Victor Danielsen played a pivotal role in the Plymouth Brethren's establishment in the Faroe Islands after it was introduced there by William Gibson Sloan in the late nineteenth century.

== Biography ==
Victor Danielsen was born in the settlement of Søldarfjørður on the island of Eysturoy. In 1911, Danielsen started training as a teacher in Tórshavn and completed his course in 1914. He was appointed teacher at the schools in Søldarfjørður, Glyvrar and Lamba. He quit his teaching positions, however, after only six months to pursue his vocation as a missionary.

Danielsen quit the established Faroese People's Church in 1916 and attached himself to the Brøðrasamkoman (Faroese Plymouth Brethren). He married in 1920 and moved with his wife to Fuglafjørður, where he worked as a full-time worker in Siloa Assembly and itinerary missionary for the Faroese Plymouth Brethren.

In 1930, the assembly of the Plymouth Brethren in Tórshavn requested Danielsen translate the Epistle to the Galatians into the Faroese language. The resulting translation so enthused the congregation that Danielsen was requested to translate the entire New Testament as well. This translation was published in March 1937, a few weeks before the publication of Jákup Dahl's translation, which had been authorised by the Faroese People's Church.

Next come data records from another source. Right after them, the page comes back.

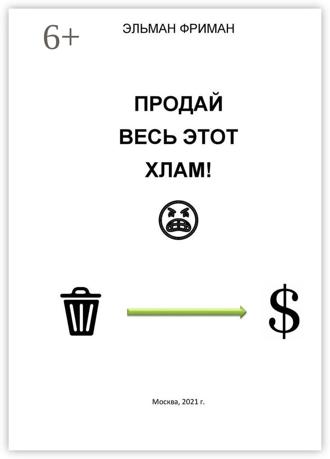 Эльман Фриман. ПРОДАЙ ВЕСЬ ЭТОТ ХЛАМ!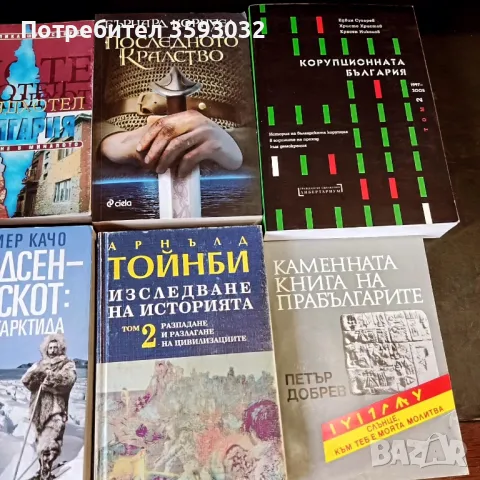 Лот интересни книги , снимка 3 - Специализирана литература - 47639747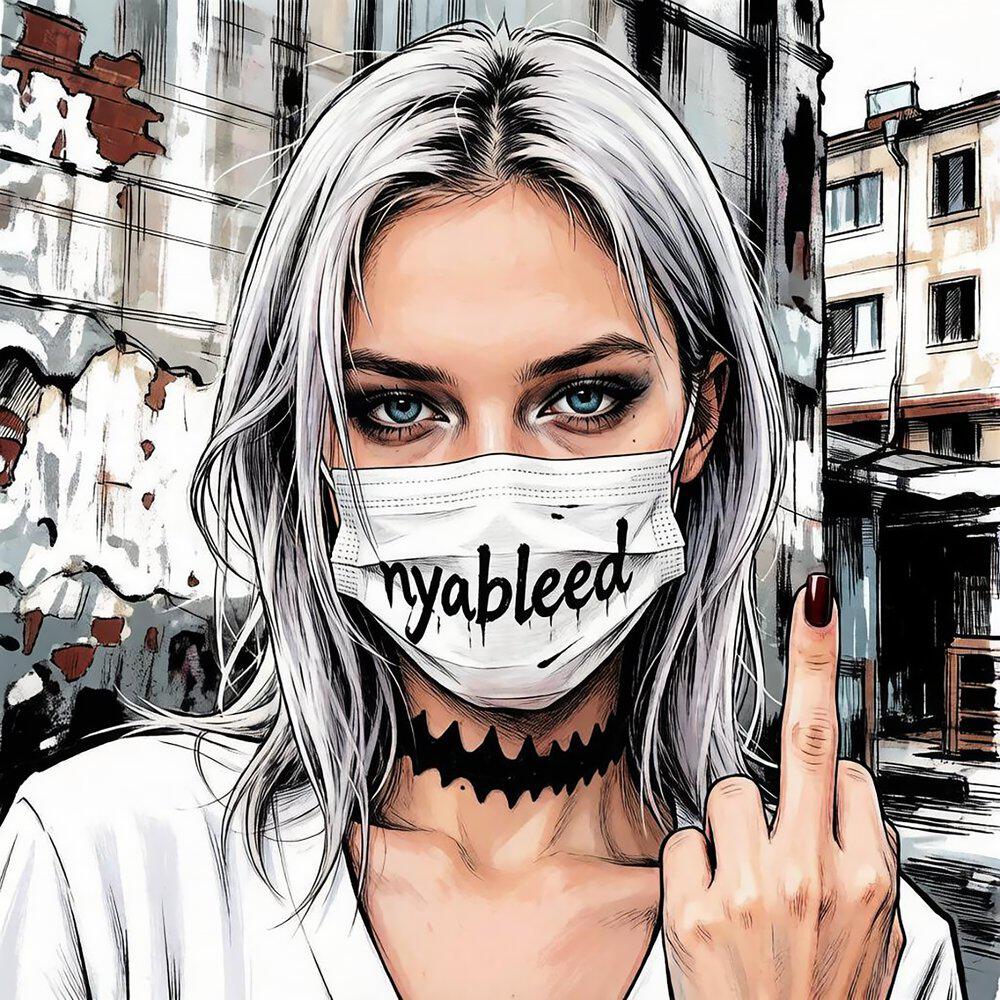 Релиз Альтушка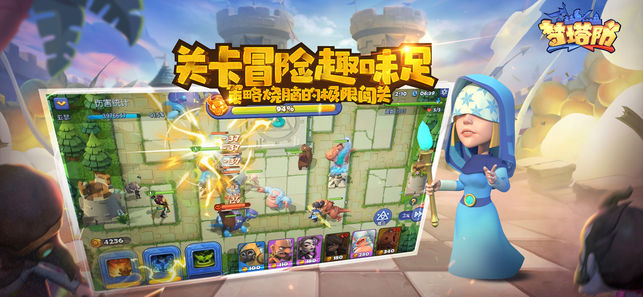 梦塔防S手游官方iOS版 梦塔防S手游官方iOS版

Upon the completion of the translation New Testament, Victor Danielsen pushed forward with the translation of the Old Testament, a task he completed in 1939. Danielsen's translation, however, based itself on other modern languages whereas Dahl's translation was based on the original Hebrew text. Because of the Second World War, Danielsen translation wasn't published until 1949. The translation of Dahl and Kristian Osvald Viderø wasn't published until 1961.

Victor Danielsen was known as an extraordinarily energetic and productive man. Apart from his Bible translations, he versified 27 Psalms and translated 800 Psalms and hymns, as well as writing two novels of a religious nature. Victor Danielsen died at Fuglafjørður.